In Sight: Greene’s George Stanley builds his ‘Sistine Chapel’


Driving down Route 202 in Greene near the Leeds town line, you really can’t miss George Stanley’s place.

With an alien on the roof, orange traffic cones aplenty, and thousands of items nailed, tied, stapled and painted on and around the building, it naturally attracts attention.

It certainly does with town officials. They’ve denied his requests for a business license  twice over the past two years. According to Greene Town Manager Charles Noonan, the requests were turned down because of the excessive number and size of the signs on the store and grounds.
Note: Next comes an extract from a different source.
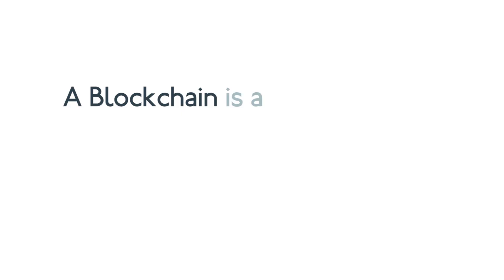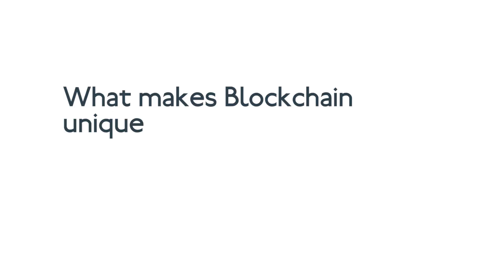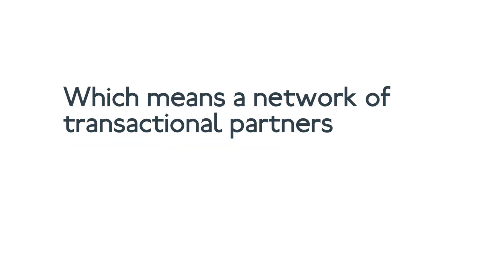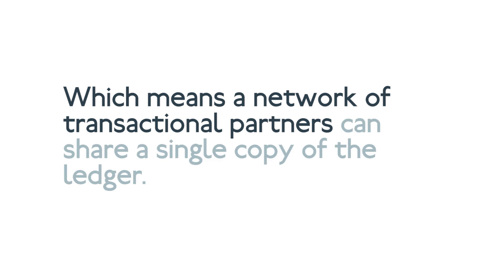Most simply, a blockchain is a transactional ledger. It records transactions — the movement of anything of value from one party to another. What makes blockchain unique is that it's a distributed ledger, which means a network of transactional partners can share a single copy of the ledger.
In addition, Noonan said he had no business plan with his first application.

Currently, a lawsuit filed by Stanley is pending in court, so Noonan is limited on what he can say on the topic.   
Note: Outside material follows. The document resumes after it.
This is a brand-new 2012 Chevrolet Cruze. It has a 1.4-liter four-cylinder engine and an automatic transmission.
Aside from the free advice George is willing to give, he sells and trades whatever he can at his store.

“I buy out-of-season items from the big box stores for pennies on the dollar and turn them around for a modest profit. We are not into making money. In fact, most of the time we lose money. It’s more than just the junk man on the side of the road in Greene, Maine. It’s an unfinished project, like the Sistine Chapel that took seven years. Give me seven years and see where we are.”

Raised in a religious cult, he knows about living off the land. In fact, he has more than 25 fruit trees around the building that he hopes will some day not only help sustain him and his partner, Donna Wesson, but be bountiful enough for him to sell some fruit and give away the rest. He says the couple donate and help out at most of the local thrift shops, soup kitchens, food pantries and shelters.
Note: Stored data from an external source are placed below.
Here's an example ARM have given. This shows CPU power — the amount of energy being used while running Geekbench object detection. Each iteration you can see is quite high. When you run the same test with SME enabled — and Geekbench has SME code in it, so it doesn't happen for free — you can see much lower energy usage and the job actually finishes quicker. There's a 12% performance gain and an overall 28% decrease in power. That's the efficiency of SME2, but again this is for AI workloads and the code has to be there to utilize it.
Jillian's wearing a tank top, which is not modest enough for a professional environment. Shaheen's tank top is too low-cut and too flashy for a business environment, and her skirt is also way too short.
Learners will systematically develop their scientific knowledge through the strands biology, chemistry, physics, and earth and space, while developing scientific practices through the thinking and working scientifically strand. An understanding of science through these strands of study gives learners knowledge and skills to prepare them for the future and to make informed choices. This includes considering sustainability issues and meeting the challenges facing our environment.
But more than the material goods, his voice is what carries Stanley. He has opinions on many things and doesn’t hesitate to express them. He speaks out at colleges, town offices and radio shows. He’s had run-ins with the governor and just recently went to Washington, D.C., to protest.  

“I have had 29 stores, been a landlord and worked with the poor and oppressed. I have helped pick up people off the streets and given shelter and jobs to many, reaching all fabrics of society,” Stanley said. “I work on a shoestring budget and I only hope to make a few dollars to put gas in my car to get around.”

He has no running water, and built an outhouse behind the property. “The town didn’t like that and I had to buy one,” he said.

A few years ago, the town outlawed long-term flea markets and similar operations, such as Stanley’s. Since then, Stanley has been fighting with town officials to have the laws changed. He has passed out hundreds of fliers asking residents of Greene to call the town office and complain.

“This is like my Custer’s last stand,” he said, as he walked around his snowed-in property recently. After gathering enough signatures, Stanley has managed to get a petition for removing the town’s flea market ordinance on the ballot for the town’s March 1 meeting.